┌──

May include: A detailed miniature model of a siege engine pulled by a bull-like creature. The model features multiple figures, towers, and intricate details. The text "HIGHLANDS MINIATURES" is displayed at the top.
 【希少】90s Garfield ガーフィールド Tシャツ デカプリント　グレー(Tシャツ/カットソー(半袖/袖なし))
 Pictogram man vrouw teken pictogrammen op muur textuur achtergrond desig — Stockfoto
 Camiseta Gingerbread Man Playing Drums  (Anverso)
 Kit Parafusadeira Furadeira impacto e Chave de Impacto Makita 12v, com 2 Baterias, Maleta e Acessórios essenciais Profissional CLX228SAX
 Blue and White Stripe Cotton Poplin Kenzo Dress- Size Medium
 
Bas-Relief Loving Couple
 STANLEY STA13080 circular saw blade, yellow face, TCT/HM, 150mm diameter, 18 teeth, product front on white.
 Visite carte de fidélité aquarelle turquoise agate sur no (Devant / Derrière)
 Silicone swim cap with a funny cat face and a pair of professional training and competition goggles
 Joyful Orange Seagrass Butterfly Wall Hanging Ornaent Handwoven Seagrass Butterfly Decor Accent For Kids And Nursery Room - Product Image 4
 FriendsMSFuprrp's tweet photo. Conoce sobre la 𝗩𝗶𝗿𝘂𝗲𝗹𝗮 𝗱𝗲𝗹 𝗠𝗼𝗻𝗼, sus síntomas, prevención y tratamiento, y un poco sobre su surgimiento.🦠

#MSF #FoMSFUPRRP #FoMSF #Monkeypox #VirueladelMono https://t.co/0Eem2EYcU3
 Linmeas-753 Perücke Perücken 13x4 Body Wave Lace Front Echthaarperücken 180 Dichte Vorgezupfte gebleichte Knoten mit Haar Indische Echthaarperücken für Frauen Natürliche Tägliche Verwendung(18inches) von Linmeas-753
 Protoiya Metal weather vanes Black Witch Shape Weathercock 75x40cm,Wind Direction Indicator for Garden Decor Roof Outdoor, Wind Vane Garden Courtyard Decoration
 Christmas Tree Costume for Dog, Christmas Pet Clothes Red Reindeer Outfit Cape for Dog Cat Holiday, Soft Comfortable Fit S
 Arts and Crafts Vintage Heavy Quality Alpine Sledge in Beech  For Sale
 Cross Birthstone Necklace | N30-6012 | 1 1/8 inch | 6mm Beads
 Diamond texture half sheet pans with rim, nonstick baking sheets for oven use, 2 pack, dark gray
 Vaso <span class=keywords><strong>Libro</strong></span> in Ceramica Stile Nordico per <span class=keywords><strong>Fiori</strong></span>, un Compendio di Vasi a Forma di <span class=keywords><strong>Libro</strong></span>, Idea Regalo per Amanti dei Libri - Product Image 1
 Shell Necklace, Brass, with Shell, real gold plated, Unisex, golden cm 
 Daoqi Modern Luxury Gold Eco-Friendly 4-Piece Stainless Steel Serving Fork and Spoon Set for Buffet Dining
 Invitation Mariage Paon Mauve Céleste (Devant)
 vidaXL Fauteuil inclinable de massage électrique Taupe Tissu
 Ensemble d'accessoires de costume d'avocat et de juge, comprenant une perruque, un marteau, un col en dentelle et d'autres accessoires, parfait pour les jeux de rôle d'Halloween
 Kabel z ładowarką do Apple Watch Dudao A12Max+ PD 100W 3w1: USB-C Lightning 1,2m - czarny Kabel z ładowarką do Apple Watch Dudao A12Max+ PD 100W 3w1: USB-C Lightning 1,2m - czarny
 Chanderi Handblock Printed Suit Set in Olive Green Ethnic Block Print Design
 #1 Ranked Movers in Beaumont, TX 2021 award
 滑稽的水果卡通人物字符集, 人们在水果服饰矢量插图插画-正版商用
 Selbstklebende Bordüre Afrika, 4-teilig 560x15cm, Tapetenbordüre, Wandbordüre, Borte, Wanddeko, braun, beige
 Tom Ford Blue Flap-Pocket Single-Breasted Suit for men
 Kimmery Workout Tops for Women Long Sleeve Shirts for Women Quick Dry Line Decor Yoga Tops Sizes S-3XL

└──

*Aim of the task*
For each line above that includes the word "Decor", make a copy of that line.

*Response*
 Joyful Orange Seagrass Butterfly Wall Hanging Ornaent Handwoven Seagrass Butterfly Decor Accent For Kids And Nursery Room - Product Image 4
 Protoiya Metal weather vanes Black Witch Shape Weathercock 75x40cm,Wind Direction Indicator for Garden Decor Roof Outdoor, Wind Vane Garden Courtyard Decoration
 Kimmery Workout Tops for Women Long Sleeve Shirts for Women Quick Dry Line Decor Yoga Tops Sizes S-3XL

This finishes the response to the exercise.